With Congress doling out $787 billion in stimulus money, foreign firms figure that no one will mind if they get some of it. And they’ll probably only take 40% or so out of the country. All you need to win is a U.S. subsidiary, some well-placed lobbyists, and a dream.
From the Washington Post:
Spain’s Prince Felipe and his wife, Princess Letizia, visited New York and Washington last week on an unusual mission for one of Europe’s most glamorous celebrity couples: to drum up business for Spanish companies from the U.S. economic stimulus package.

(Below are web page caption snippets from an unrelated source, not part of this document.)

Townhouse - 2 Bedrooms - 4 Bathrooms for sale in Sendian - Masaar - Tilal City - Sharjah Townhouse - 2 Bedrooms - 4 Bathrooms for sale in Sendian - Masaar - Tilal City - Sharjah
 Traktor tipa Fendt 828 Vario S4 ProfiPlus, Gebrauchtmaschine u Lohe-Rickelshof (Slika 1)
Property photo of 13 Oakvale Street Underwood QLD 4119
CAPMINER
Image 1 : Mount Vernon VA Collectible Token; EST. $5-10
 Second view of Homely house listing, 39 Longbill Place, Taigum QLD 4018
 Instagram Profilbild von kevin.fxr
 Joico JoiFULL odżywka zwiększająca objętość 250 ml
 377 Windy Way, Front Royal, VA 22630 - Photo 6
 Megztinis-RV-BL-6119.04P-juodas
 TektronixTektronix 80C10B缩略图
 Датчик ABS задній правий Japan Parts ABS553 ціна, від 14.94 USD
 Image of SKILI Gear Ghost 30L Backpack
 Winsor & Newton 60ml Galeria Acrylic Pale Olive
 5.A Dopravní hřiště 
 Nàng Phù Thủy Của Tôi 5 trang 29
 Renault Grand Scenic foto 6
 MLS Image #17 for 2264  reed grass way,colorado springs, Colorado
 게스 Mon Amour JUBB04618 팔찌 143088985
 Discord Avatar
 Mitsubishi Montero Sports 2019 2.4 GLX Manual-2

“Only by working together with U.S. businesses and government, as well as coordinating our needs and priorities, can we get our countries, and world, back on track,” Felipe said at a Manhattan business luncheon, which also featured former vice president Al Gore.
U.S. firms are not the only ones hoping to cash in on the $787 billion stimulus program. Foreign nations and companies are stepping up their lobbying efforts in Washington and in state capitals, hoping to gain vital business in hard times. Hundreds of foreign-owned companies, many of them with significant operations in the United States, are selling their expertise in clean energy, high-speed transit and other technologies that undergird key aspects of President Obama’s stimulus efforts.
Meanwhile, foreign companies, trade ministries and business groups are proceeding cautiously for fear of stoking nationalistic objections from U.S. lawmakers and their constituents. Lobbyists and consultants hired by the companies are warning them to proceed carefully and to emphasize that any contracts would lead to jobs in the United States rather than overseas.
But such firms are admittedly nervous about the idea of publicly angling for U.S. stimulus money, fearing the kind of political uproar that erupted in 2006 over plans by a United Arab Emirates-owned company to take over management of six U.S. seaports. In recent weeks, some lawmakers have objected to the revelation that billions of dollars in bailout money for American International Group ended up in the vaults of foreign-owned banks to which the company owed money.
If a foreign firm received a stimulus-related contract, most of the wages and product purchases would stay within the United States. But some portion, perhaps up to 40 percent, could leave the country, trade experts said.